A Church Lays a Stone Hard Foundation. With Integrity, You Can Too.

April 19th, 2011
Jim Thomas

In the year 1927, in the small town (pop. 950) of Patterson, Pierce County, Georgia, a band of Baptists set out to erect a new church. When it came time to break ground and lay the foundation cornerstone, all were in agreement. Lester Dixon, who was there that day, who would later become the ordained minister of the church recalled, “We wanted a firm foundation, one that  hell itself could not shake.” They found it at an abandoned grist mill that had served the community in former times—a one-ton, circular, grind stone.

 It became the church cornerstone, and the church still stands. Membership has grown from a few dozen to several hundred. Three times they have expanded the sanctuary.

 The cardinal virtue of integrity is to persons, professional practitioners, businesses and organization as the old millstone is to Patterson Baptist Church.
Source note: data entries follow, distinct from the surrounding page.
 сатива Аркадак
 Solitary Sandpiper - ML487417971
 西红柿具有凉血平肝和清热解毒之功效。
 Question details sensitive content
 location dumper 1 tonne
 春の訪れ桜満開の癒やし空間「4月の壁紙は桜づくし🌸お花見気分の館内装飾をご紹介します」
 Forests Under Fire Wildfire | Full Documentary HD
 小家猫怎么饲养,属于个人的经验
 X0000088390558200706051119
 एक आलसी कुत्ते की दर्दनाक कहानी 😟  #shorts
It forms an impregnable underpinning, one upon which all advantages ultimately rest. Among them: trustworthiness and reputation—loyal friends, customers, and clients—confident owners and shareholders—magnification of the name, brand, products, and good works.

 Where approved and confirmed, a foundation of integrity encourages doing the right thing, at the right time, for the right reasons. It means we deliver as promised, when promised, in the manner promised. The lie, hypocrisy, and expediency are put to flight. Alluring temptations have little chance.  Impeded is the ill-advised compromise.

 How firm is your foundation?

The Bell Rock Lighthouse and Foundations of Integrity

April 13th, 2011
Jim Thomas

Eleven miles off the east coast of Scotland in the North Sea stands the Bell Rock Lighthouse. Since 1811 it has stood firm against the onslaught of that sea’s violent storms. The small reef from which it rises is covered by seawater for 20 hours of every day. The builder, one Robert Stevenson and his band of 65 skilled workmen had only four hours each day to chink away stone and gouge a foundation in the bedrock. As result of their superb craftsmanship, painstakingly undertaken, under demanding conditions, the 115-foot lighthouse stands tall and remains in use to the present day.

 A good way to think about the indispensable virtue of Integrity is as a firm foundation. Of the person, the organization, the practice, the calling. It forms a rock-like basis for trust and reputation. It enforces purpose, braces commitment, avoids the alluring temptation, and defeats the ill-advised compromise.

 How? By standing firmly by the right ideas, those that withstand scrutiny and in some manner are beneficial to all concerned. Stated differently, by doing the right thing, at the right time, for the right reasons.